⟨

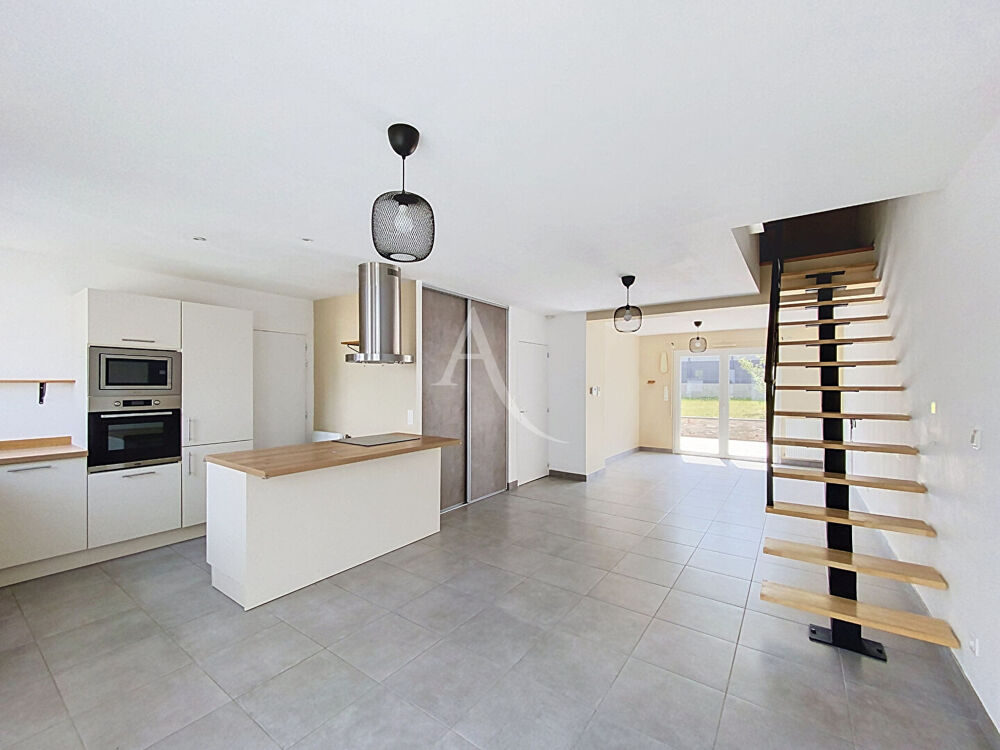 Maison Montreuil Juigne 4 pièce(s) 106 m2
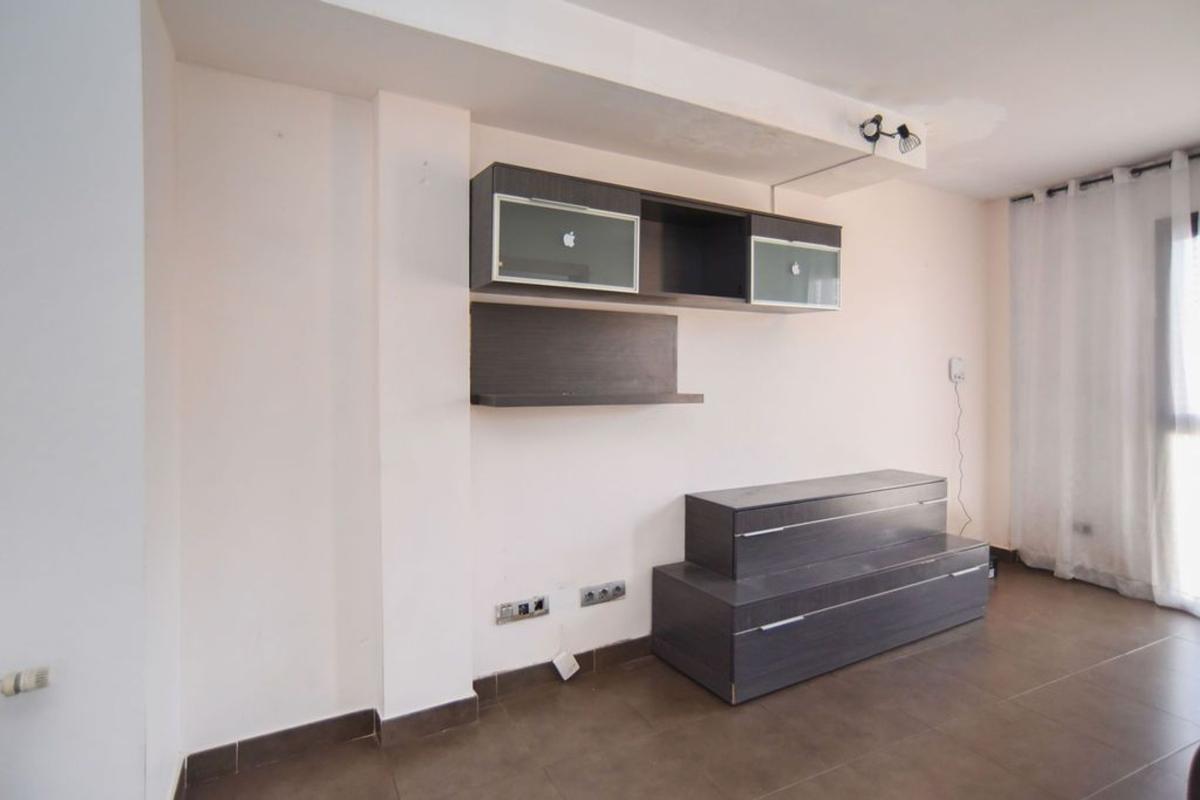 Продажа квартиры на Piso en Calle de Sant Magí, Centre, Rubí, Руби
photo 3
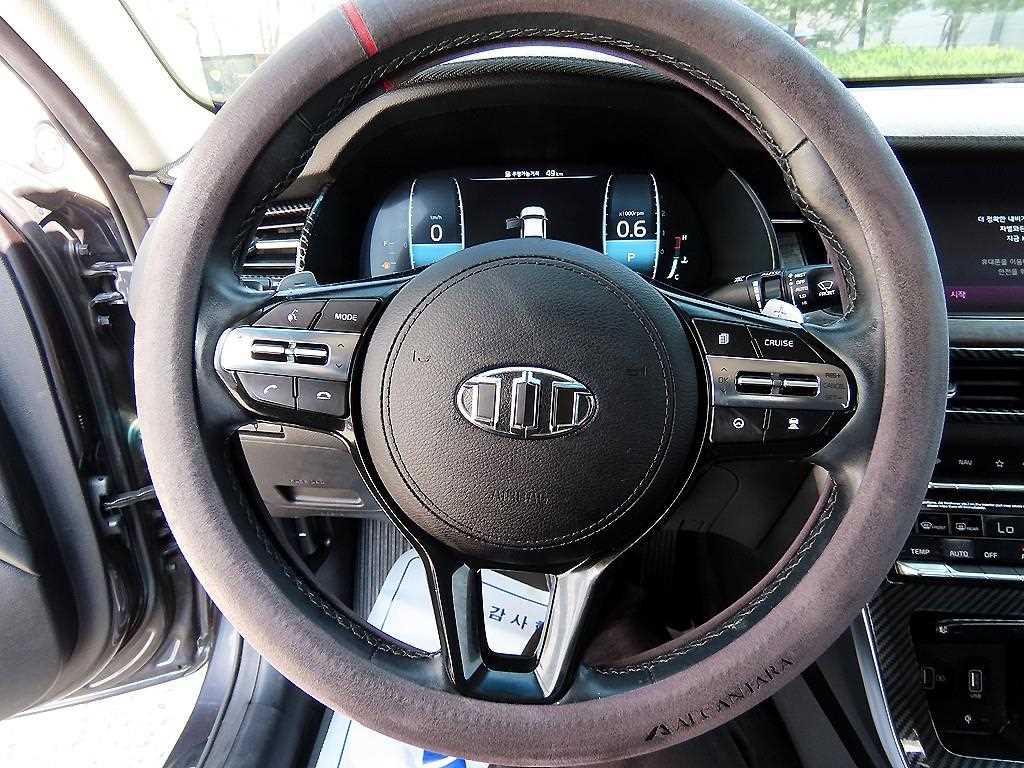 KIA K7 - Vista 8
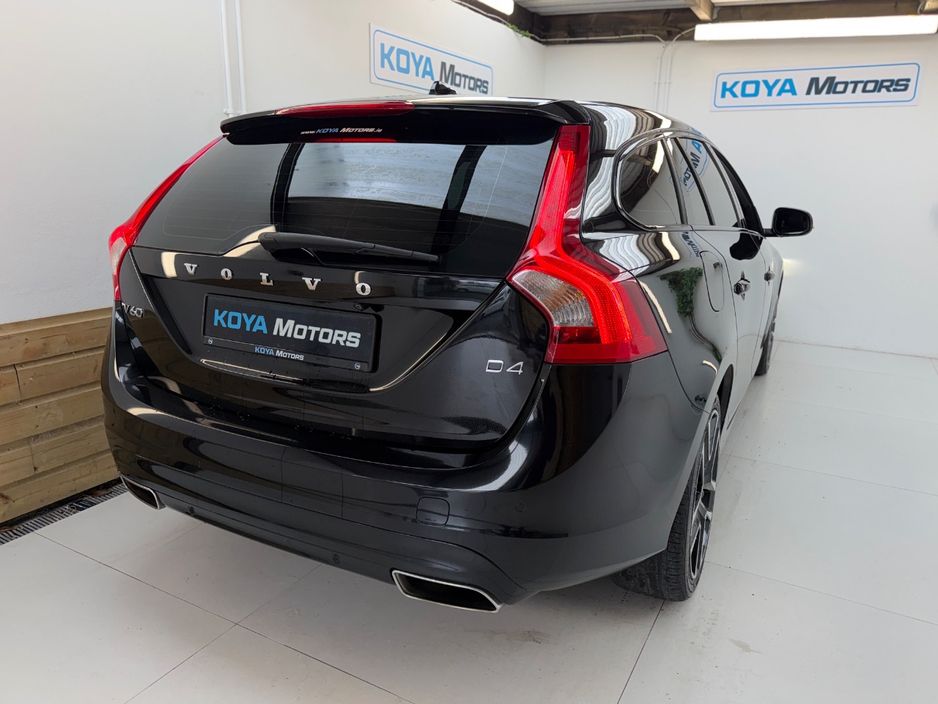 2017 Volvo V60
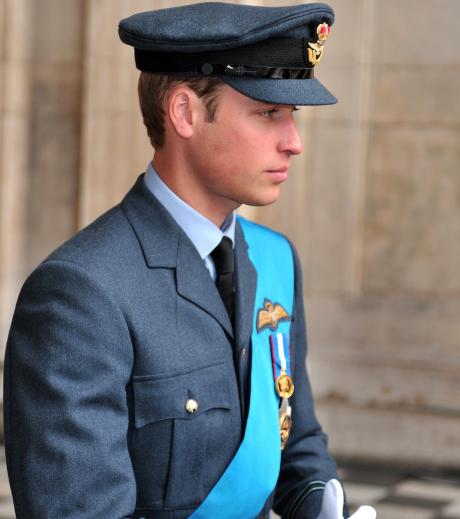 le-prince-william-nous-montre-son-plus-beau-profil_36915_w460[1].jpg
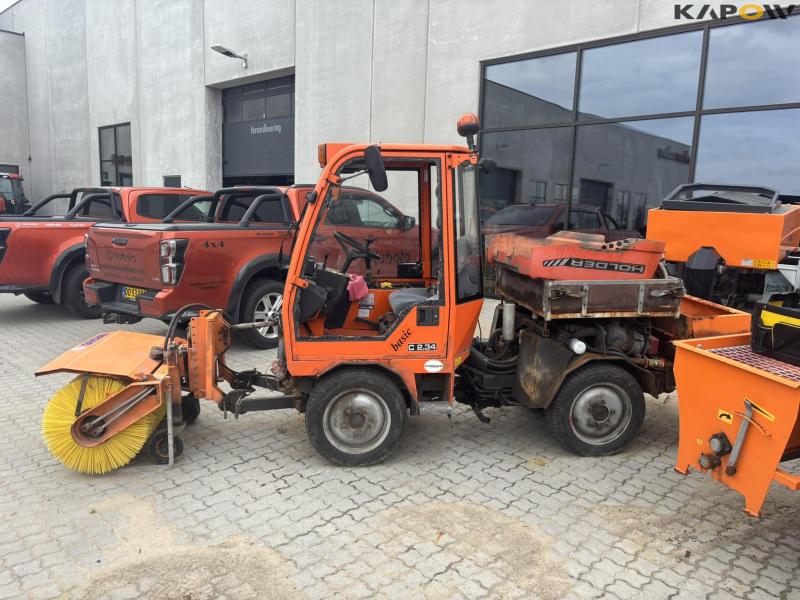 Holder C2 2.34 Basic with sweeper and salt spreader 8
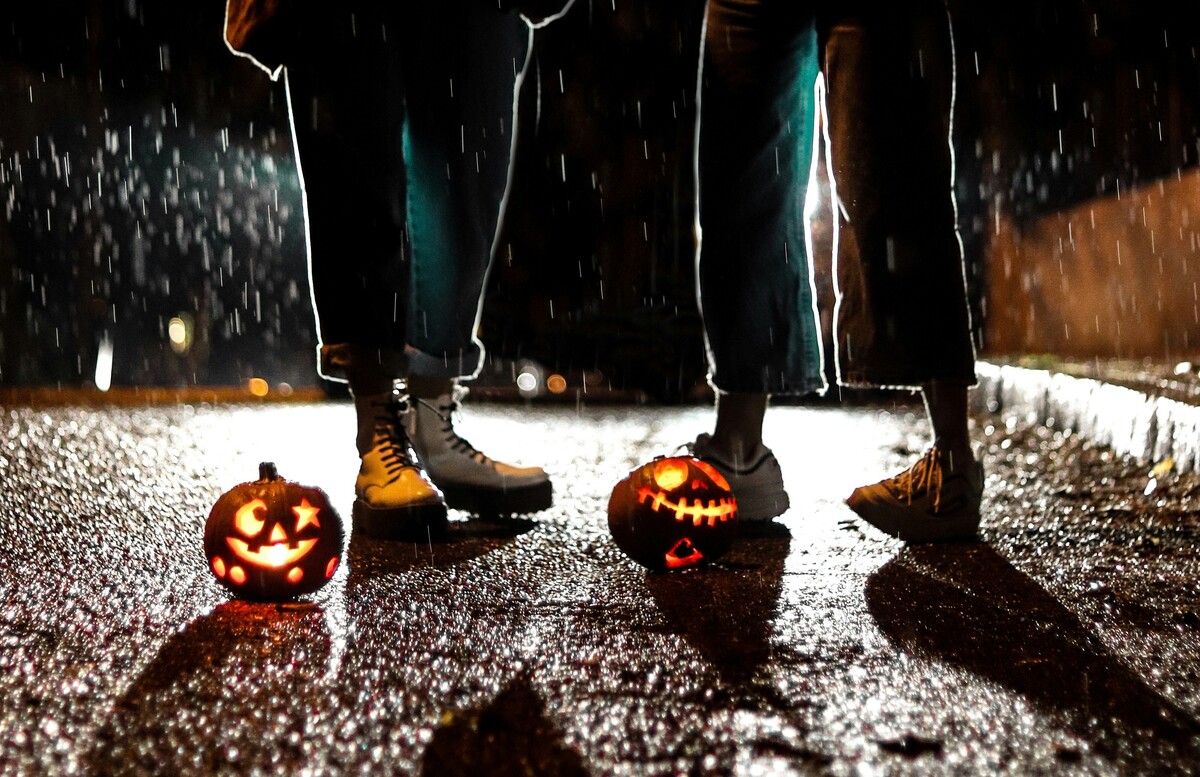 Previsioni meteo, in arrivo il maltempo per Halloween: piogge e temporali sull'Italia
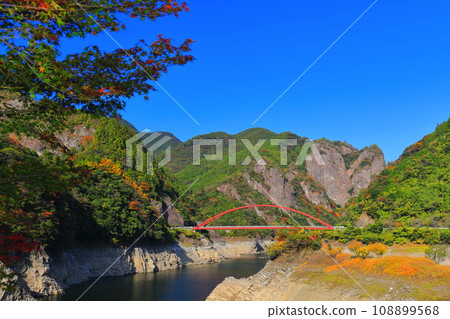 [Fukuoka Prefecture] Autumn leaves in sunny Hyugagami Valley (Heart Rock) 108899568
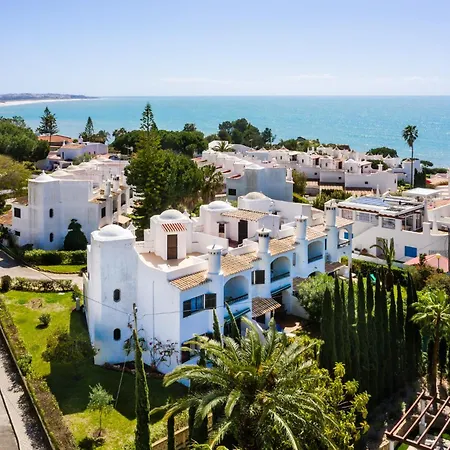 Villa Clifftop - 4br, Beachside, Pool, Ac Porches (Algarve)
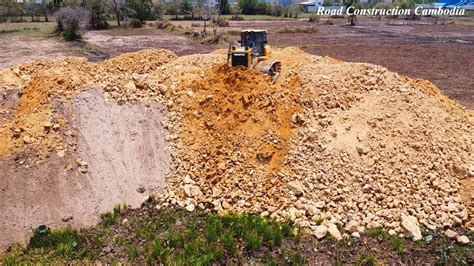 Amazing Bulldozer Shantui Pushing Dirt Filling Up New Road And Dump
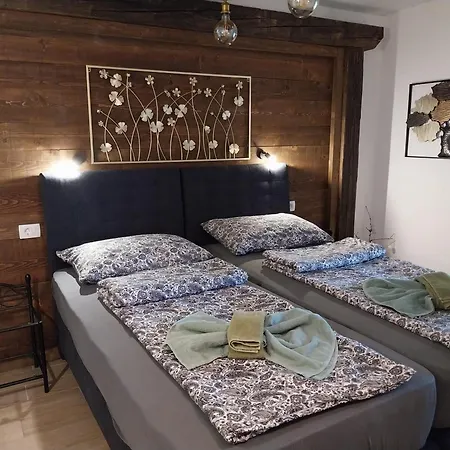 Aparthotel Ada
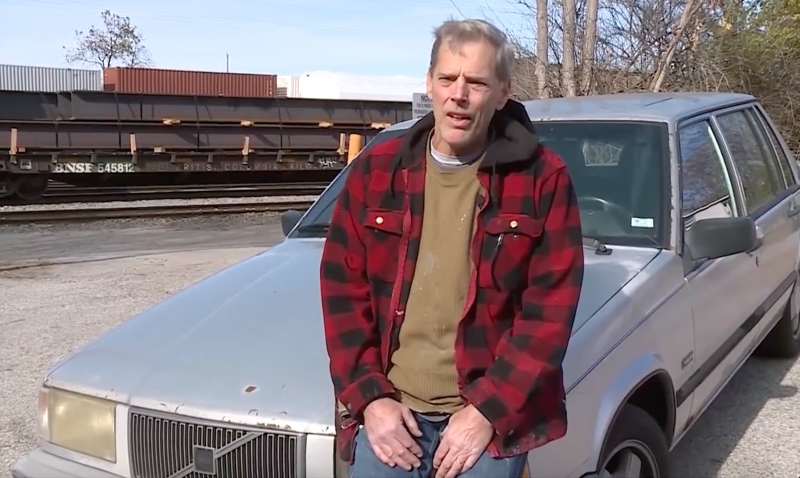 Volvo gives a new car to a man who is loyal to a 31-year old car
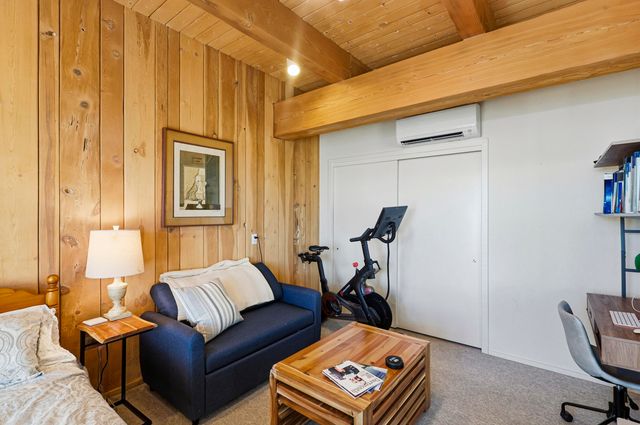 39 Tierra Monte Street NE, Albuquerque, NM 87122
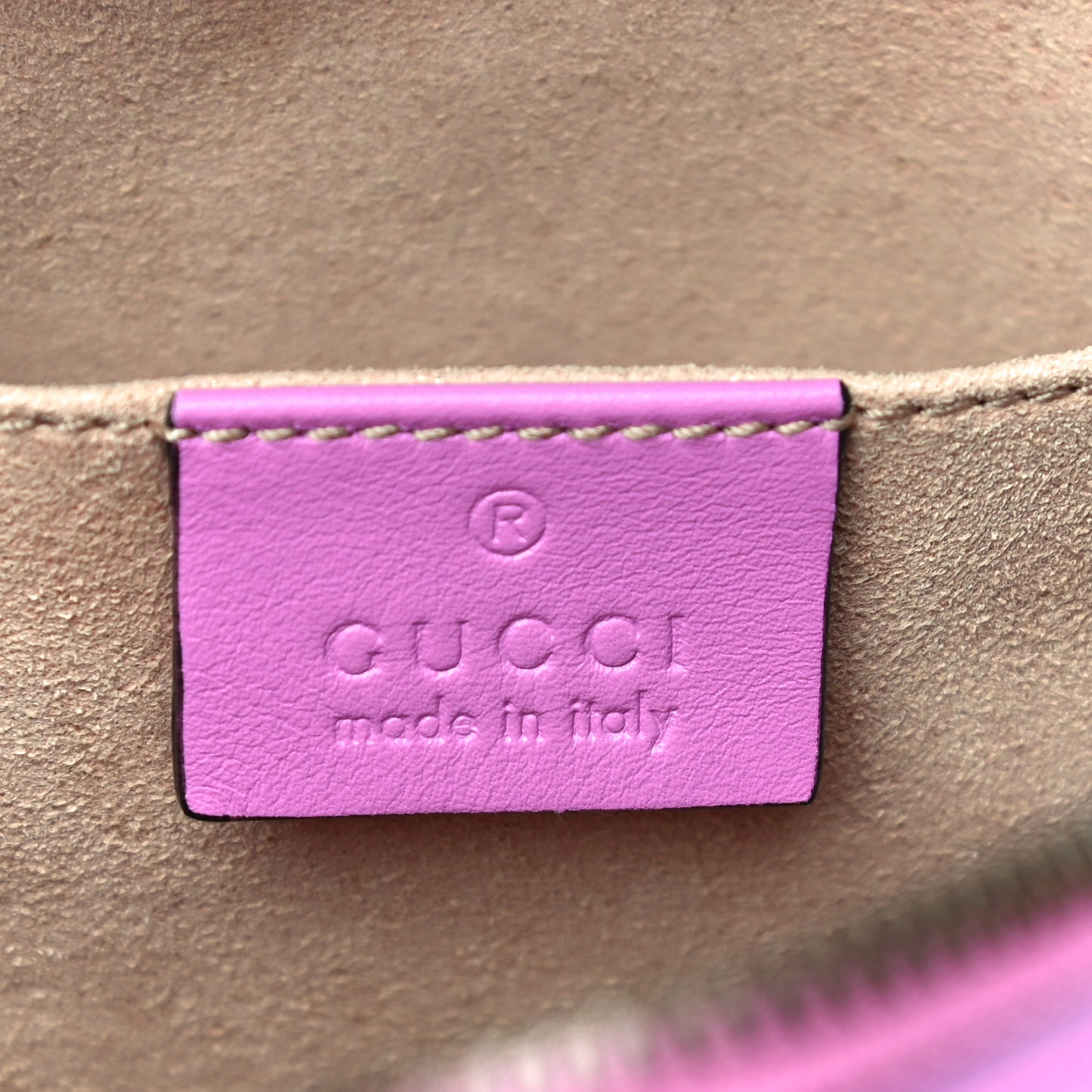 Calfskin Matelasse Small GG Marmont Chain Shoulder Bag Candy Mousse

⟩

Your copy should hold every entry exactly as written, but none of the pictures.

SOLUTION TO THE PROBLEM -
 Maison Montreuil Juigne 4 pièce(s) 106 m2
 Продажа квартиры на Piso en Calle de Sant Magí, Centre, Rubí, Руби
photo 3
 KIA K7 - Vista 8
 2017 Volvo V60
 le-prince-william-nous-montre-son-plus-beau-profil_36915_w460[1].jpg
 Holder C2 2.34 Basic with sweeper and salt spreader 8
 Previsioni meteo, in arrivo il maltempo per Halloween: piogge e temporali sull'Italia
 [Fukuoka Prefecture] Autumn leaves in sunny Hyugagami Valley (Heart Rock) 108899568
 Villa Clifftop - 4br, Beachside, Pool, Ac Porches (Algarve)
 Amazing Bulldozer Shantui Pushing Dirt Filling Up New Road And Dump
 Aparthotel Ada
 Volvo gives a new car to a man who is loyal to a 31-year old car
 39 Tierra Monte Street NE, Albuquerque, NM 87122
 Calfskin Matelasse Small GG Marmont Chain Shoulder Bag Candy Mousse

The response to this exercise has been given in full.